Arrêtes- toi" je me suis arrêtée et j’ai vu un groupe de soldats habillés
en tenue de combat, ils étaient plus d’une dizaine, ils ont commencé à avancer
vers moi, j’ai commencé à trembler car au fond de moi, je me suis dit
« Voilà aujourd’hui c’est mon tour. ». Saisi de peur, mon corps
devenait lourd comme une pierre. Ils m’ont demandé qui étaient dans la maison,
j’ai répondu que toute ma famille était à l’intérieur de la maison. Celui qui
avait l’air d’être le commandant m’a demandé d’aller avec eux à l’intérieur de
la maison, et là, mon mari, mon beau-père, mon fils et mes deux filles s’y
trouvaient. Ils m’ont ordonné de me coucher par terre et exigé que mon fils me
fasse l’amour, sinon j’allais être tuée. Mon beau-père, surpris et choqué par
cette parole barbare, répondit Non, et on lui répliqua par un coup de crosse de
fusil à la tête. Après, on l’obligea à son tour à coucher avec ma fille aînée
bien aimée, il répliqua forcément Non ! Et il a été abattu sur le
champ ! A mon mari, il fut ordonné de coucher avec ma fille et il refusa,
mon fils qui refusa aussi de coucher avec moi fut mis au coin du mur, alors
leur commandant ordonna à tous les autres militaires de se mettre en file, mon
mari fut couché par terre pour servir de matelas. Les 15 militaires passèrent
sur moi à tour de rôle et je fus laissée pour morte une fois cette horreur
terminée. A la fin, mon mari et mon fils furent tués l’un après l’autre et mes
filles furent violées à leur tour.
Faible à mourir, le commandant ordonna que je sois
transportée et partir avec eux. Nous sommes alors partis très loin dans la
forêt où, j’ai servi de femme esclave et de bonne à tout faire. Après un temps
que je peux imaginer de 2 à 3 mois, j’ai réussi à m’enfuir avec un tissu en
pagne pour cacher ma nudité qui ne me servait plus à rien car toute ma dignité
de femme était déjà finie. Je me suis retrouvée dans un petit village près de
l’Ituri après avoir bravé pluie, soleil, froid, serpents, moustiques, maux de
têtes etc.… Je me suis retrouvée à Kinshasa où quelques jours après j’ai été
prise en charge par l’hôpital général de Kinshasa. » Cette femme mourra
sur son lit d’opération.[5]
Les violences faites aux femmes
n’ont pas commencé aujourd’hui. Elles sont vielles que le monde. La Bible en
fait largement mention. La sœur Josée NGALULA, dans le livre sus-cité, fait
découvrir au lecteur les violences faites aux femmes dans la Bible ainsi que
les pistes chrétiennes pour lutter contre ces violences.[6] Elle insiste sur l’attitude de Dieu face aux
violences : Il dénonce la violence et exige son arrêt.[7]

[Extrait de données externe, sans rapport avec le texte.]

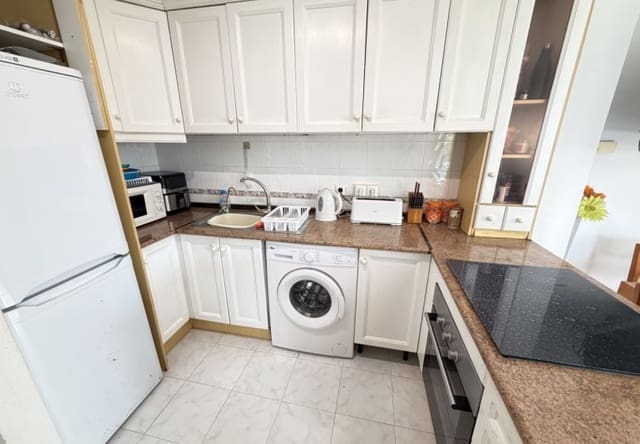 3 quarto Moradia Geminada para venda em La Florida, Orihuela com piscina - 229 000 € (Ref: 10009902)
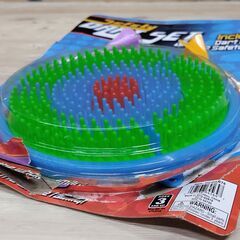 おもちゃ　スポーツ玩具　イボイボダーツ　対象年齢：6歳以上　針を使わない安全なイボイボダーツ　の画像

Lorsqu’on examine la plupart de ces
violences, anciennes comme actuelles, l’on remarque que presque tout se joue
sur le corps de la femme. Sa beauté et sa virginité sont mises en jeu ou alors
en épreuve. Or, l’on sait que ce qui est commun à toutes les femmes c’est le
corps. C’est à travers celui-ci qu’elles s’expriment, c’est là, comme le dit Porcile
Santiso:
« la première identité de l’être de l’être féminin ; une corporéité féminine
qui implique une façon d’être dans le monde, de se situer (de là le terme de
« situation »), qui suppose une façon d’être et de se définir. »[8]
Certes, le corps exprime la personne. Il n’est pas seulement un objet de ce
monde mais fondamentalement, quelqu’un,
la manifestation, le langage d’une personne.[9]
[1]
SANTISO P., La femme, espace de
salut, Paris, Cerf, 1999, p. 27.
[2]
SANDRA M., Le
texte de la rencontre. Lectio Divina
161, Paris, cerf, 1995, p. 228.
[3]
Cf. Ibidem, p. 229.
[6] NGALULA J., Dieu dénonce et condamne les violences faites aux femmes, p. 6.
[7]
Ibidem, p. 9.
[8]
SANTISO P., Op. cit., p.
113-114.
[9]
CLEMENT O., Corps de mort et de gloire.
Petite introduction à une théopoétique du corps, Paris, Desclée de Brouwer, 1995, p. 10.